To optimize SQL queries for the TiFlash engine, consider the following aspects:

  1. Use TiFlash-supported functions: Not all functions are supported for pushdown in TiFlash. Refer to the official support list and standardize SQL according to the pushdown list.

  2. Bind SQL plans or force index usage: If the query results are inaccurate, you can bind SQL plans or force index usage. Use the following statement to bind:

CREATE [GLOBAL | SESSION] BINDING FOR BindableStmt USING BindableStmt;
  1. Manually re-statistic table information: If automatic analyze time is bypassed, manually re-statistic table information. Use the following statements for manual statistics:
show stats_meta where table_name='xxx';
show stats_healthy where table_name='xxx';
show STATS_HISTOGRAMS where table_name='xxx';
analyze table xxx;
  1. Avoid hotspot issues: Use clustered tables and where filters to retain as few data records as possible, find the primary key first, then join, and avoid full table scans. For uncertain field combinations, consider using TiFlash to accelerate uncertain condition filtering.

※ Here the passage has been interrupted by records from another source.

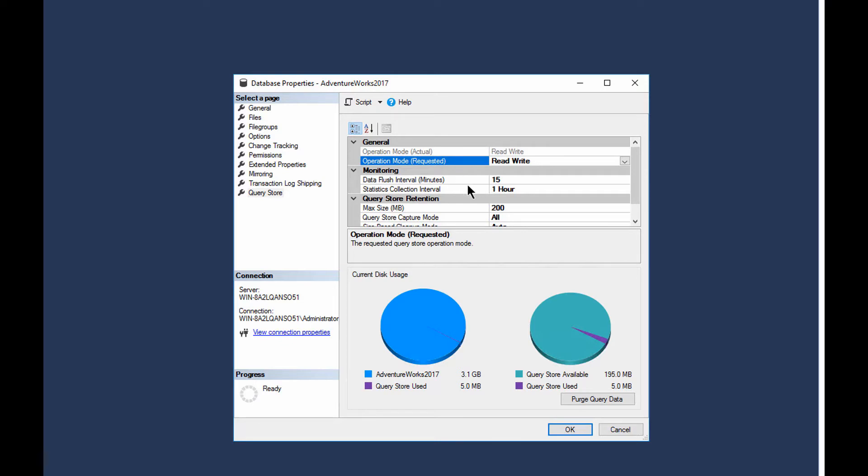The data flush interval is how frequently it writes out the data to disk, because it records everything first into memory, and then it has an asynchronous process that writes it out to disk. So you can affect the frequency with which it writes to disk or the amount of memory it uses. If you're using too much memory, then you may want to sacrifice some I/O and have it write more frequently. You know, it's a dance that you can get into. Most of the time, defaults will work here.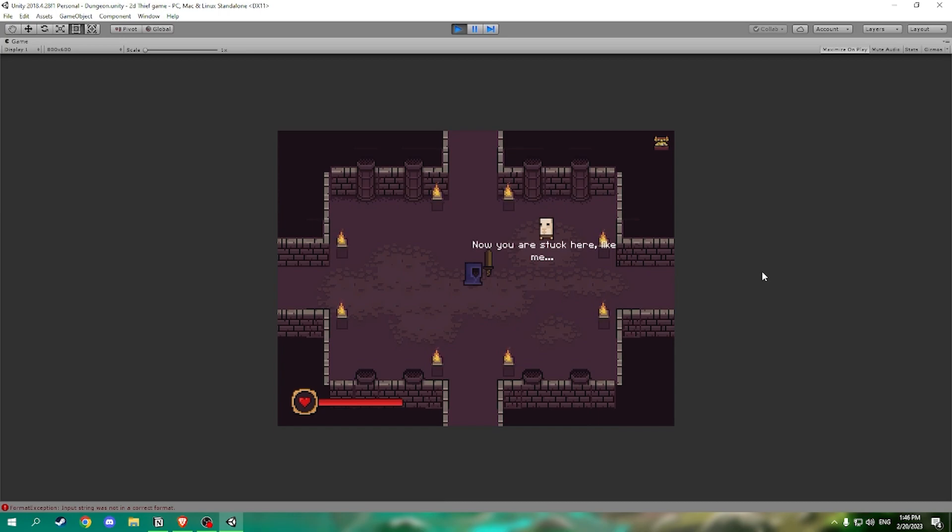TLDR, we are a thief and we are stuck in this dungeon. We need to fight the final boss and win in order to escape and reclaim our freedom.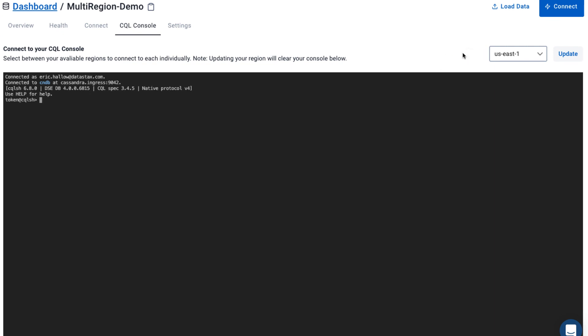While switching regions, a quick note is that if you update your region, you will clear the console.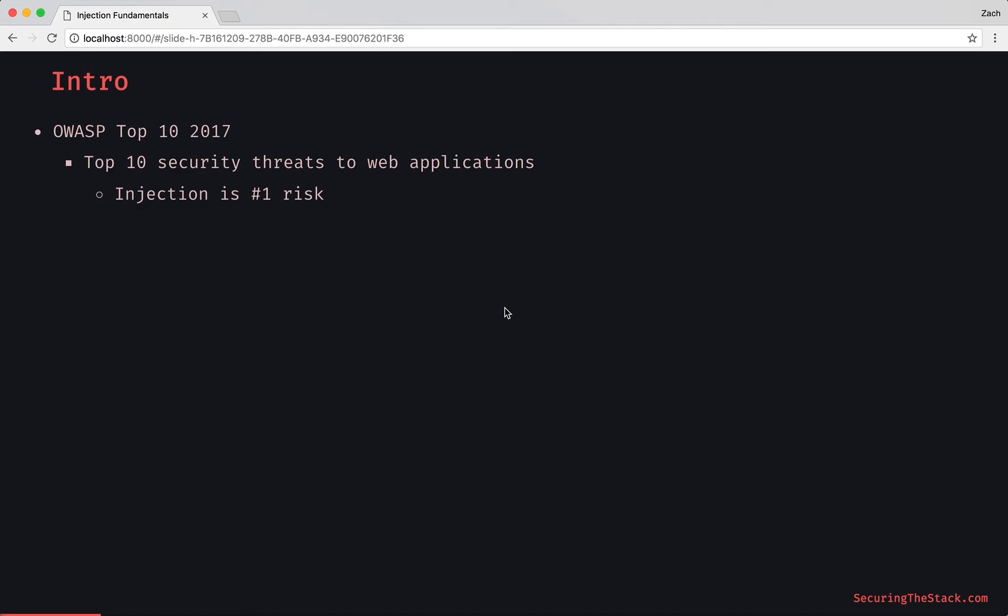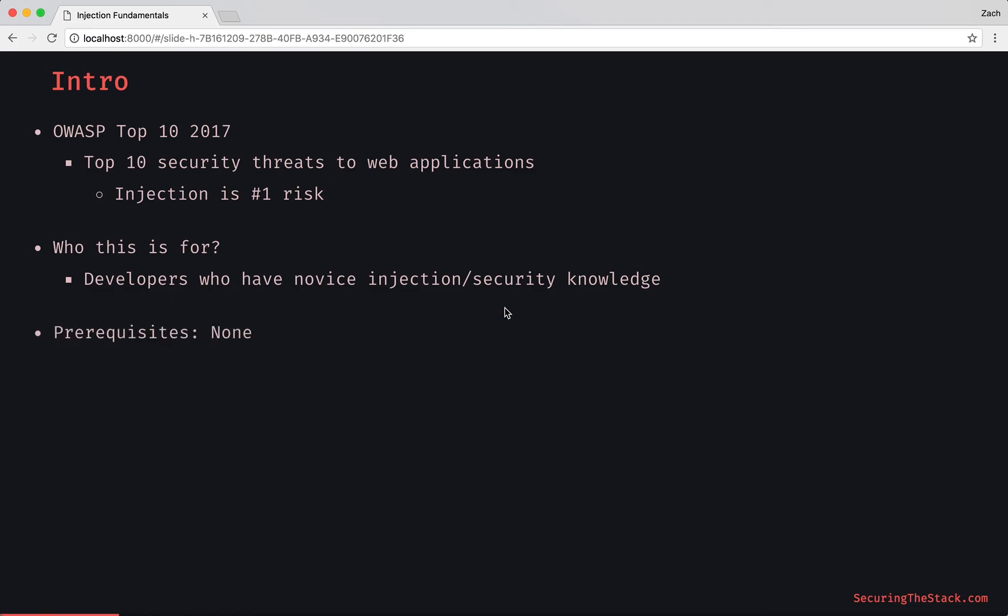This is very important. Who is this episode for? This is for developers who have novice security or injection knowledge. Prerequisites: none.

  2. Adjust TiFlash concurrency: Increase tidb_distsql_scan_concurrency to increase concurrency. TiFlash nodes should be deployed independently, with replicas preferably greater than 1 and less than the number of TiKV.

Additional reading:

| username: yulei7633 | Original post link

I will also refer to it and learn.

| username: Running | Original post link

Does column storage still have anything to do with indexes? It seems that the execution plans for the TiFlash engine are all full table scans.

| username: Running | Original post link

Looking forward to higher performance improvements in TiFlash and a reduction in the complexity of the technology stack.

| username: TiDBer_UUTlqVvZ | Original post link

This is because not all SQL queries are suitable for TiFlash, so it may be necessary to make a judgment here. For many queries, using the index to access TiKV is actually much faster than using TiFlash.

| username: Running | Original post link

Got it, I have now set up a tidbserver node (with only the tiflash engine) specifically to handle complex queries. It seems to have both advantages and disadvantages.

| username: system | Original post link

This topic was automatically closed 60 days after the last reply. New replies are no longer allowed.